▶ Exercise brief
Your reply should reproduce the data below without a single alteration, apart from dropping the images.

▶ Data excerpts
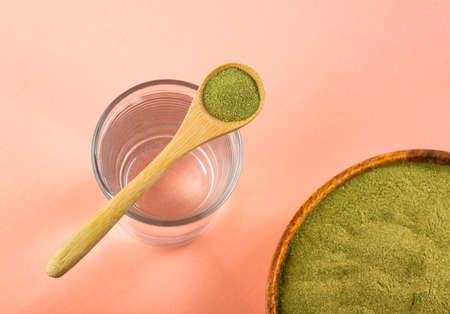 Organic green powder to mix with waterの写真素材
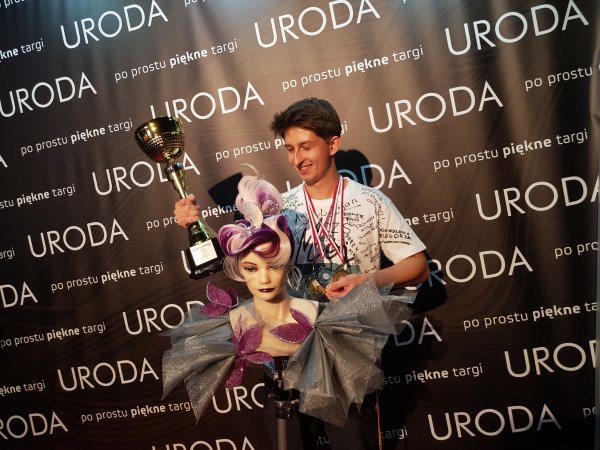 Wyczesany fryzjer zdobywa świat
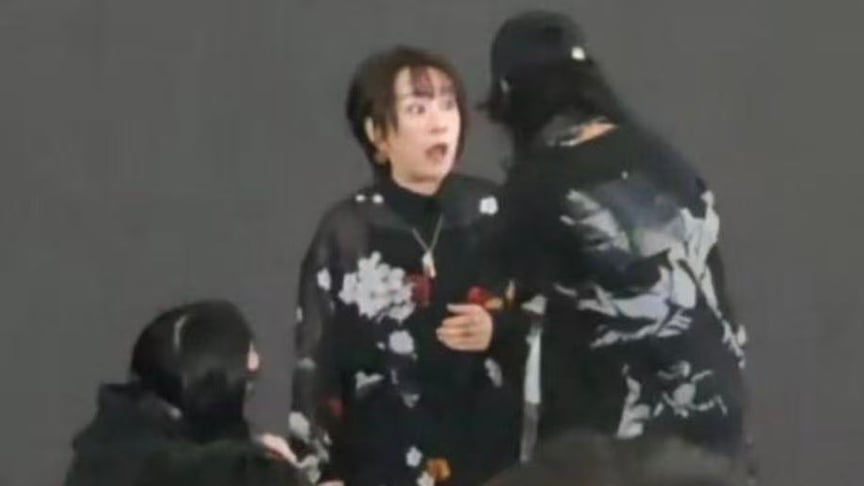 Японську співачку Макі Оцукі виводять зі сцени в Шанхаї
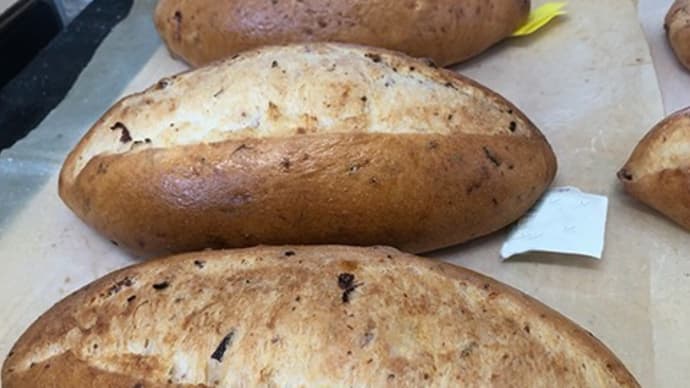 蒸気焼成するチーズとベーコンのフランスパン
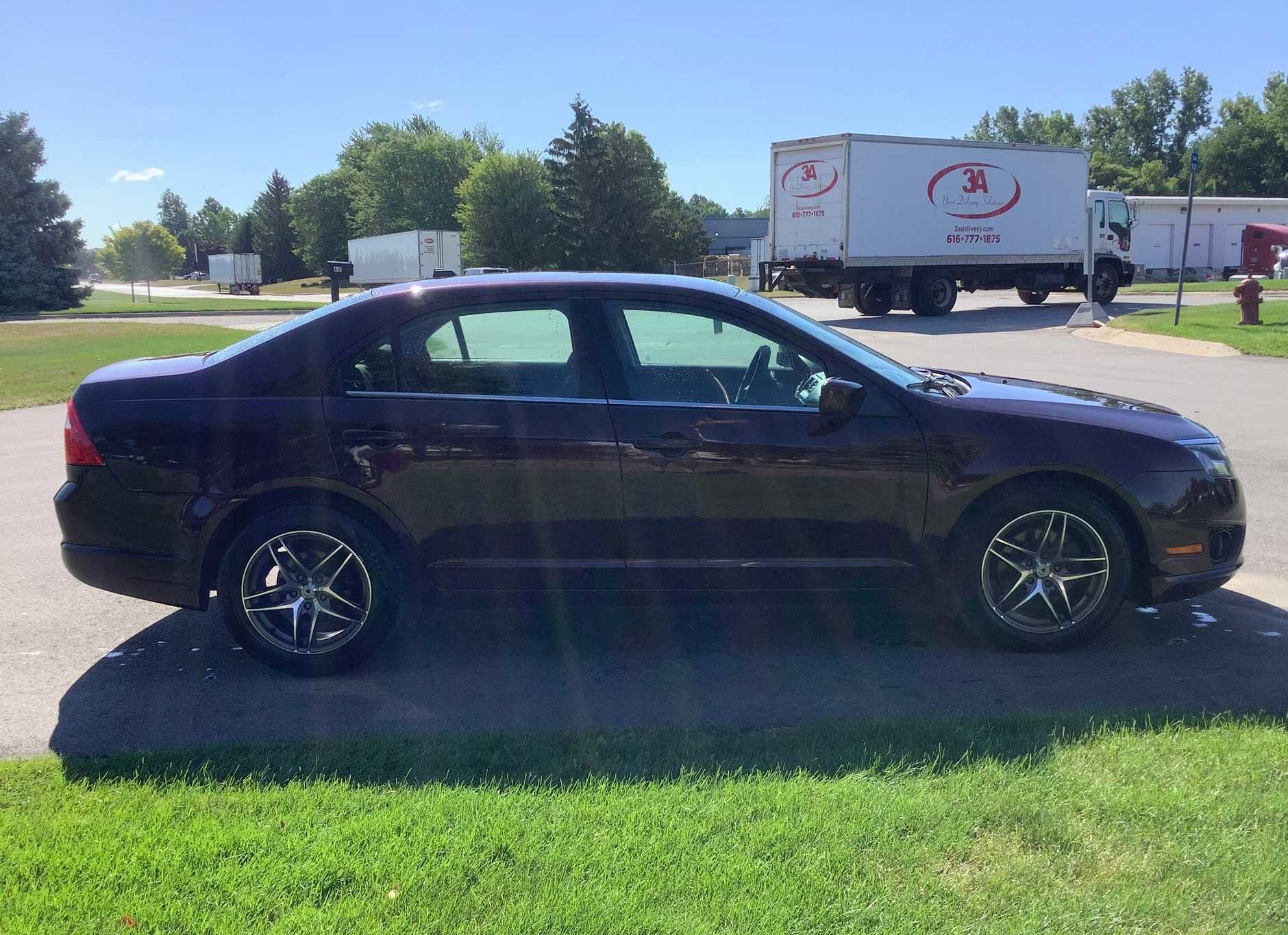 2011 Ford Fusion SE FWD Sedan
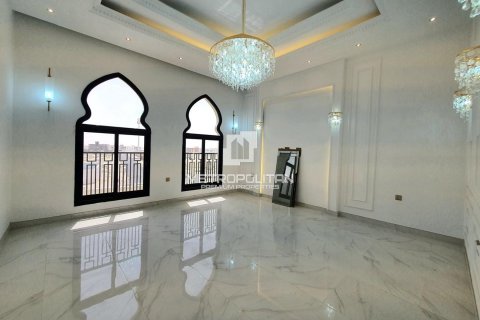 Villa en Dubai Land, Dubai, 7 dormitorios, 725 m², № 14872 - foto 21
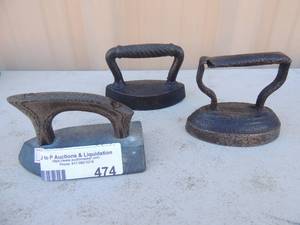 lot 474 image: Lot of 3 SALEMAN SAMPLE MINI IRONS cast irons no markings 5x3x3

▶ Response to the exercise
 Organic green powder to mix with waterの写真素材
 Wyczesany fryzjer zdobywa świat
 Японську співачку Макі Оцукі виводять зі сцени в Шанхаї
 蒸気焼成するチーズとベーコンのフランスパン
 2011 Ford Fusion SE FWD Sedan
 Villa en Dubai Land, Dubai, 7 dormitorios, 725 m², № 14872 - foto 21
 lot 474 image: Lot of 3 SALEMAN SAMPLE MINI IRONS cast irons no markings 5x3x3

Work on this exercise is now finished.